Georg Baselitz, The outspoken German painter has again caused controversy over his views of women painters. In an interview,with the Guardian newspaper, he stated; to journalist Kate Connolly. “The market doesn’t lie,” Even though the painting classes in art academies are more than 90% made up by women, it’s a fact that very few of them succeed. It’s nothing to do with education, or chances, or male gallery owners. It’s to do with something else and it’s not my job to answer why it’s so.”
Baselitz’s work has been recognised as a powerful, inventive and controversial painter since he burst upon the art scene in the 1960s. His views have clearly remained in the 1950s. In the 1970s. He was part of a group of Neo-Expressionist German artists, occasionally identified as ‘Neue Wilden’, focusing on deformation, the power of subject and the vibrancy of the colors. He is well known for his upside-down images and seen as a revolutionary painter as he draws the viewer’s attention to his works by making them think, sparking their interest. From the outset, Baselitz confronted the visceral realities of history and the human and cultural tragedies of a world in turmoil with a cast of tragic anti-heroes.
In 2013 he told the German newspaper, Der Spiegel that female artists are not recognised because they simply “don’t paint very well”. He added, painting demands “brutality against the thing itself, against what already exists”. This is art as destruction, anathema to the “natural” feminine tendency to nurture, love, and care for both children and husband, who will presumably be too busy making a masterpiece to help out with the housework.

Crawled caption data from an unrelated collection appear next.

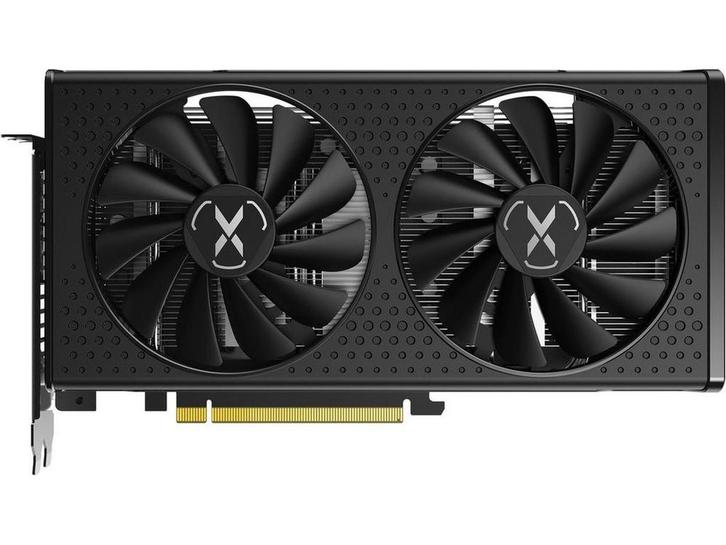 XFX Speedster SWFT 210 - Videokaart - Radeon RX 7600 8GB, Computers en Software, Monitoren, Zo goed als nieuw, Verzenden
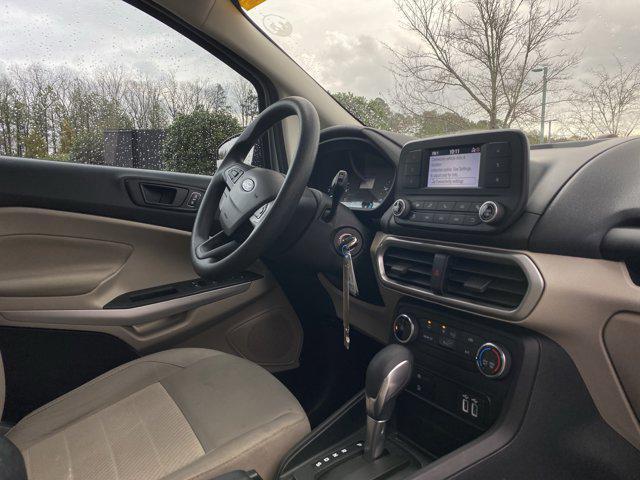used 2021 Ford EcoSport car, priced at $14,988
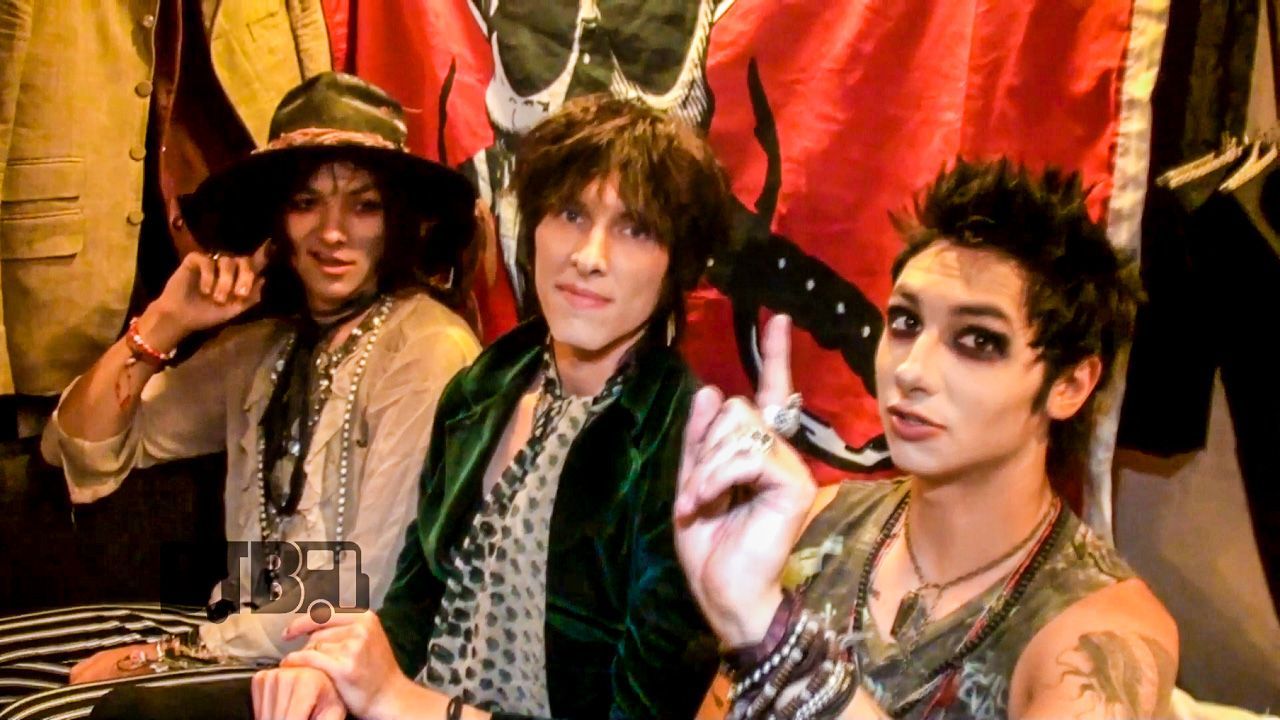 Palaye Royale – TOUR TIPS (Top 5) Ep. 594 [VIDEO]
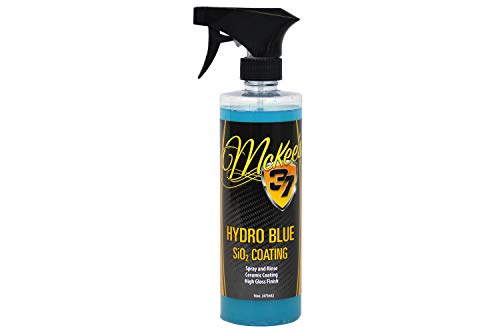 McKee's 37 MK37-630 Hydro Blue Sio2 Coating, 16 fl. oz - Click to Buy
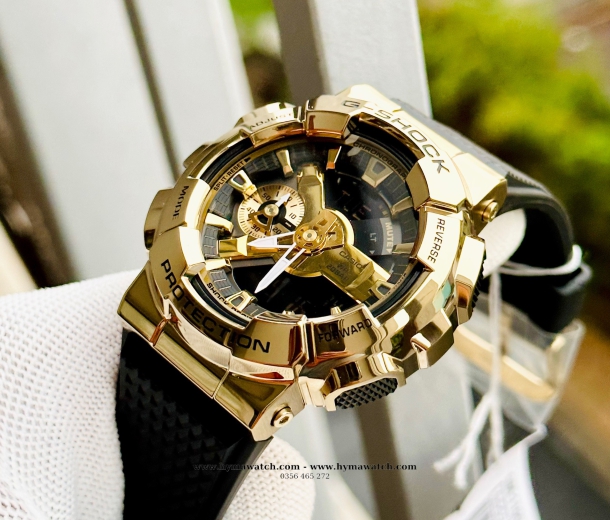 Casio G-Shock GM-110G-1A9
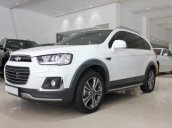 Bán xe Chevrolet Captiva Revv 2.4 2016, màu trắng, xe đẹp, chính chủ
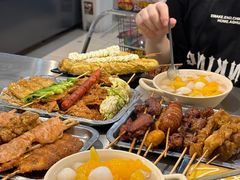 -甜色·铁板烧(老耀达店)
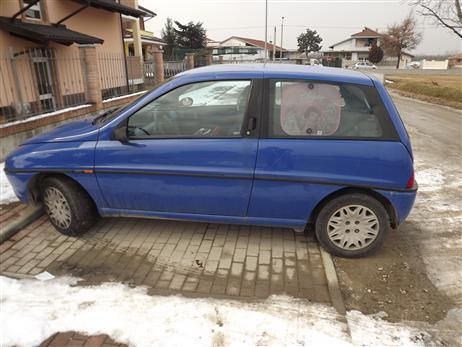 Lancia ypsilon 1999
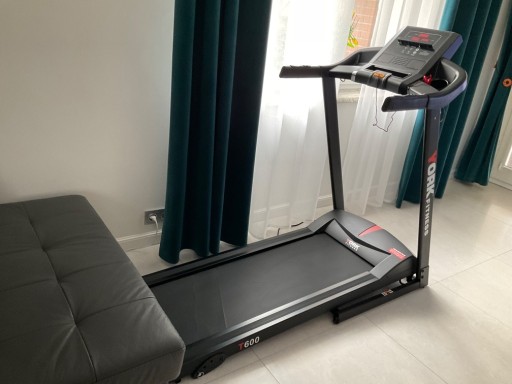 Zdjęcie oferty: Bieżnia elektryczna York Fitness T600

This time the sexist artist declared that women cannot paint. And even if they can paint they are not good artists: Baselitz: “Oh God! Women simply don’t pass the test”. SPIEGEL: What test? Baselitz: “The market test, the value test”.
Georg Baselitz was born in 1938 in the former East Germany. He studied painting at the Hochschule für bildende und angewandte Kunst in East Berlin. Expelled for “sociopolitical immaturity. “He successfully applied to West Berlin’s Hochschule der Künste and continued his studies in the class of Professor Hann Trier.During this period he was heavely influenced by the theories of Ernst-Wilhelm Nay, Wassily Kandinsky and Kasimir Malevich.